Input —
▬▬▬▬▬▬
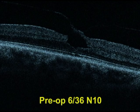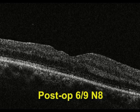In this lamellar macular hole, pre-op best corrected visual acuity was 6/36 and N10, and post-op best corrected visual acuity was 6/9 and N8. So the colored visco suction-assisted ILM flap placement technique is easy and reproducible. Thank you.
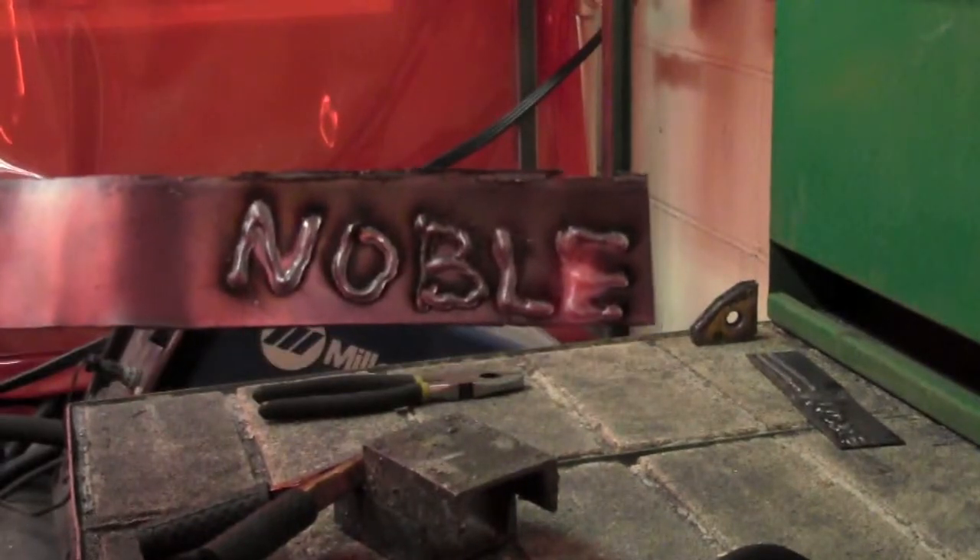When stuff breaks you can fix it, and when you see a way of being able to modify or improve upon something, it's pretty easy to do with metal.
▬▬▬▬▬▬
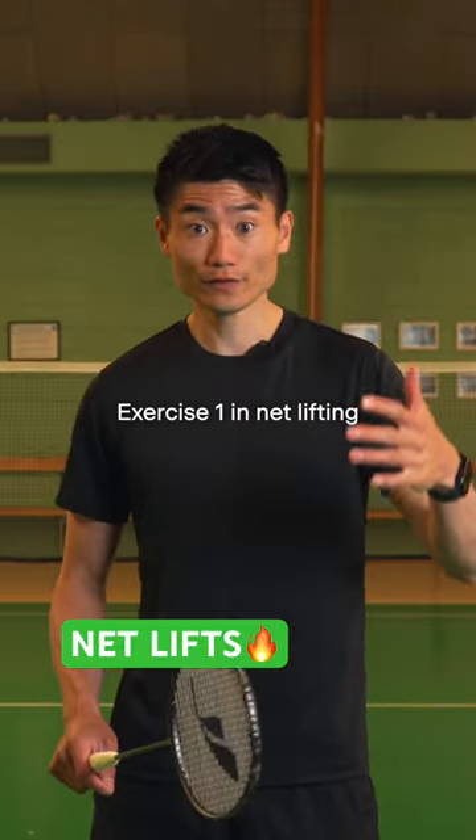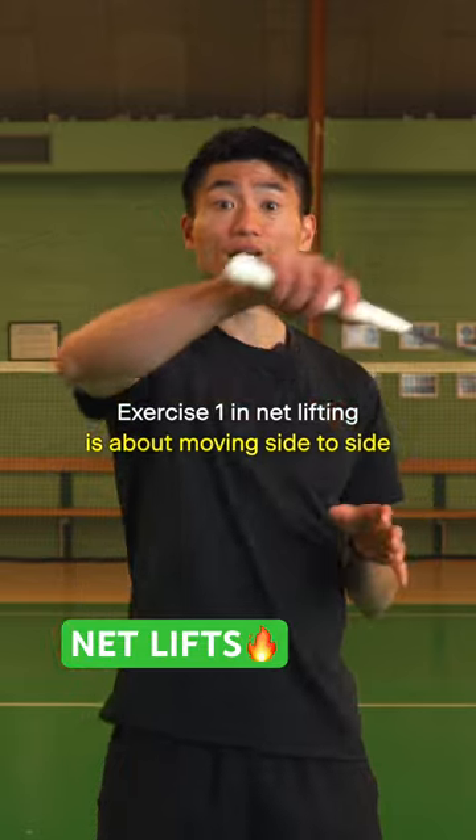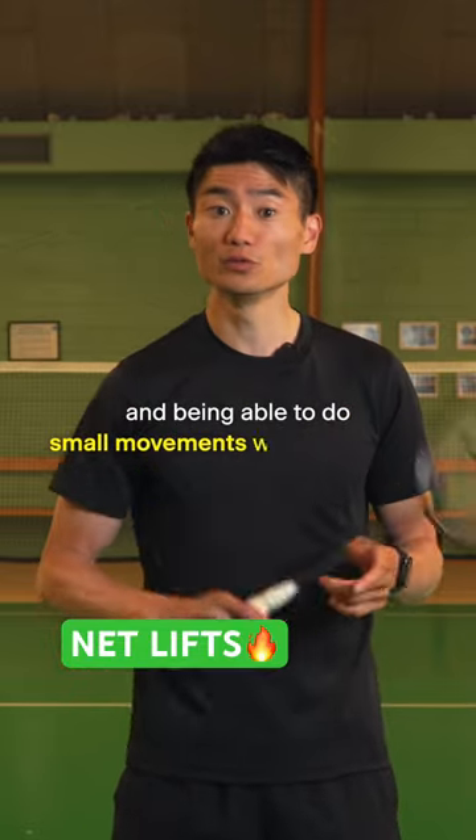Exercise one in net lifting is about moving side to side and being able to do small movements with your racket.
▬▬▬▬▬▬
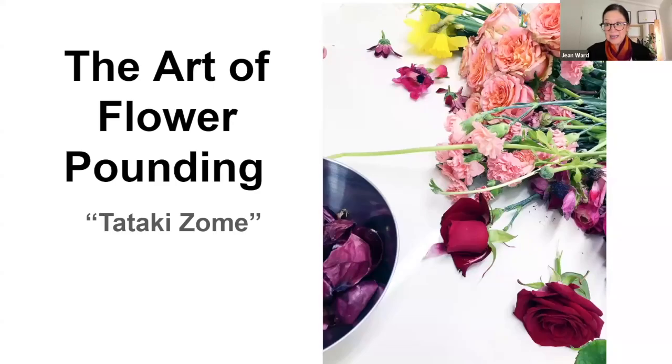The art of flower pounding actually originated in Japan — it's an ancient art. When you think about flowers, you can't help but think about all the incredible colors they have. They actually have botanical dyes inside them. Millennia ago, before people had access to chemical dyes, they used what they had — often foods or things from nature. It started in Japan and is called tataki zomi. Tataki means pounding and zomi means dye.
▬▬▬▬▬▬
Using the entries above, transcribe every line from the line containing "In this lamellar" through the line containing "When stuff breaks". Do not copy pictures.

Answer area —
In this lamellar macular hole, pre-op best corrected visual acuity was 6/36 and N10, and post-op best corrected visual acuity was 6/9 and N8. So the colored visco suction-assisted ILM flap placement technique is easy and reproducible. Thank you.
When stuff breaks you can fix it, and when you see a way of being able to modify or improve upon something, it's pretty easy to do with metal.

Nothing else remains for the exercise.